DTH reactions in mice after SRBCs antigenic challenge was tested for normal, immunity suppressed (Quinolphos given) and immunity stimulated mice (C.capillaries extracts and Proimmu). DTH response was high in Proimmu (Standard drug) treated groups the antigenic challenge by SRBC resulted in a significant increase in foot pad thickness in left paw (receiving SRBC), than right paw (receiving normal saline as control) (Table 1) (Table 2). The percentage decrease in paw edema in Quinolphos treated cases was 58.33% but in C.capillaries treated group (200mg/kg), it got increased to 28.2%. In Proimmu treated mice also there was a significant increase in DTH response. In the mice treated with C.capillaries and Quinolphos, the DTH was significantly improved (+10.26 P<0.05). The comparison of these results indicates that the extracts of C.capillaries have immuno potentiating effect like the standard immuno stimulant drug Proimmu.

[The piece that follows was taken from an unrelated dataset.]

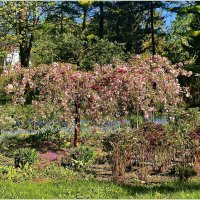 Молоденькая сакура. :: Валерия Комова Молоденькая сакура. :: Валерия Комова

According to Tiwari et al.,¹¹ the active principle, sesquitepene lactone present in the plant Tridax procumbens assisted in cell mediated immune response and enhanced DTH reaction, which was reflected from the increased foot pad thickness due to heightened infiltration of macrophages to the inflammatory site, Datta et al.,¹² reported that the active fraction CI-1-Protein in the plant pigeon pea Cajanus cajan enhanced DTH response significantly in mice on SRBC antigenic challenge. Histological investigation by Datta et al.,¹² on the inflammatory site showed perivascular cuffing with mononuclear cells followed by a more extensive exudation of mono and poly morphonuclear cells.¹³ The effector cells that promote DTH reactions (T_DTH cells) cause the activation of macrophages, infiltration of polymorphonuclear cells, increased vascular permeability and odema, thereby it induced T-cell mediated response¹⁴ also observed an elevation in DTH response in mice treated with the plant extract, Argyreia speices and challenged with SRBC and this was due to the effect of plant drug on T-lymphocyte and accessory cell types required for the expression of reaction.¹⁵ According to Hirschman, et al. the extracts of the plant Cyttaria spp was able to elevate the DTH response due the activation of CD4 (+) and CD 8 (+) T cells as reported earlier.¹⁶

Animals treated with Quinolphos had a suppressed foot pad thickness indicating the suppressive act on cell mediated immunity. According to Osario & Goldman¹⁷ the DTH response is associated with T-cells and sensitized T-cells release mediators to promote inflammatory processes. The possible mechanism behind DTH reactions, include, activation of complements, releasing of mediators by activated mast cells; kinin reactive oxygen or nitrogen species by archidonic acid metabolites histamine and pro-inflammatory cytokines.¹⁸ Tiwari et al.¹¹ stated that the delayed type hypersensitivity reaction is characterized by large influxes of non-specific inflammatory cells, in which macrophage is a major participant. DTH reactions develop when antigen activities sensitized T_DTH cells. These cells generally appear to be a T_H1 subpopulation although sometimes T cytotoxic cells are also involved. Activation of T-delayed type hypersensitive (T_DTH) cells by antigen presented through appropriate antigen presenting cells results in the secretion of various cytokines including interleukin-2, interferon-ϒ, macrophage migration inhibition factor and tumor necrosis factor β. The overall effects of these cytokines are to recruit macrophages into the area and activate them, promoting increased phagocytic activity vis-à-vis increased concentration of lytic enzymes for more effective killing. Argus & Woo¹⁸ reported that the immunosuppressive Quinolphos have profound suppressive effect on all forms of DTH and cell mediated immunity. Animals treated with Quinolphos and receiving C.capillaries extract showed a significant counteracting effect to Quinolphos induced T-cells suppression. According to Gilberston et al.,¹⁹ the body’s immunity has been suppressed in diseases like cancer and AIDS. The chemotherapy and radiation therapy in cancer treatment contribute to depress the immune system. As side effects are associated with these synthetic modulations, plant drugs like C.capillaries can be co administered along with chemo therapeutic agents.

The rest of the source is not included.